LE CIEL BRILLANT 〜無職29歳、未経験の仕事に挑戦したらジュエリーデザイナーにこっそり溺愛されてました〜
 青い石。

 トルコ石じゃない。

 ブルートパーズでもない。

 アクアマリンでないと。

 店員を見上げたとき、うしろの壁にペンダントが飾られているのが見えた。

 たくさんかけられている中の一つに目を奪われた。

 ドロップ型の石だった。

 空の雫だ、と思った。

 薄く雲がかかった青空のような。

 母がいつだったか言っていた言葉を思い出す。

 全体に雲がうっすらとかかっている空を見て、

「今日は花曇(はなぐも)りね」

 と言ったのだ。

 (くも)りとは言っても花という言葉がついている。青空も見えている。

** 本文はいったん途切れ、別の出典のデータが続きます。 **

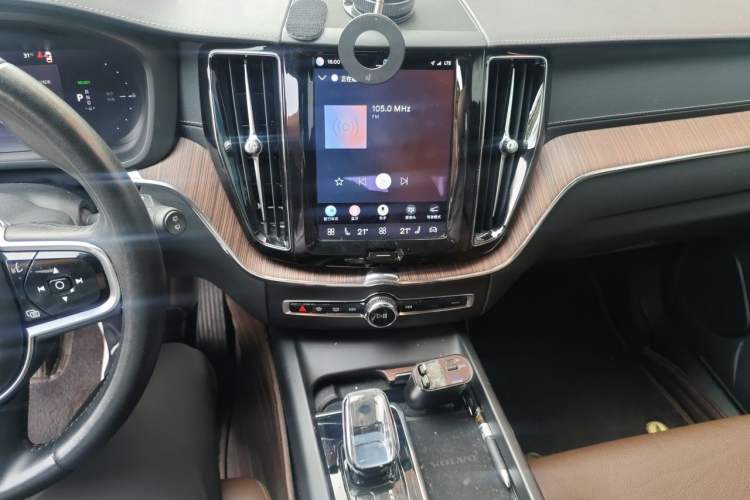 Used Volvo XC60 New Energy 2022 T8 Plug-in Hybrid All-Wheel Drive Smart Luxury Edition Audio And AC Panel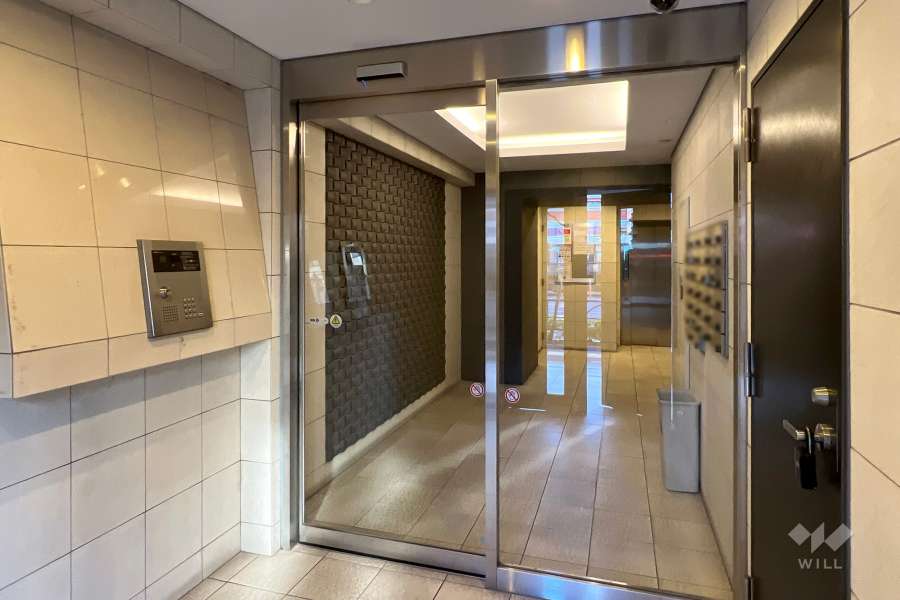 エントランスはオートロック付きです。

藍にふさわしいかもしれない。

「あれはいくらですか」

 指で差して店員に聞く。

 店員は壁にあるペンダントを手に取った。

「これのこと?」

 瑶煌が頷くと、店員は値段を伝えた。

 よかった。払える。

「これを下さい」

「これでいいのね?」

 店員が確認する。

「これがいいです」

「プレゼント?」

「そうです」

 店員はにっこり笑った。

 今回は特別サービス、とラッピングを無料でやってくれた。

「ありがとうございます!」

 彼は大きな声でお礼を言った。

 店員はまたにっこり笑った。彼を応援するかのように。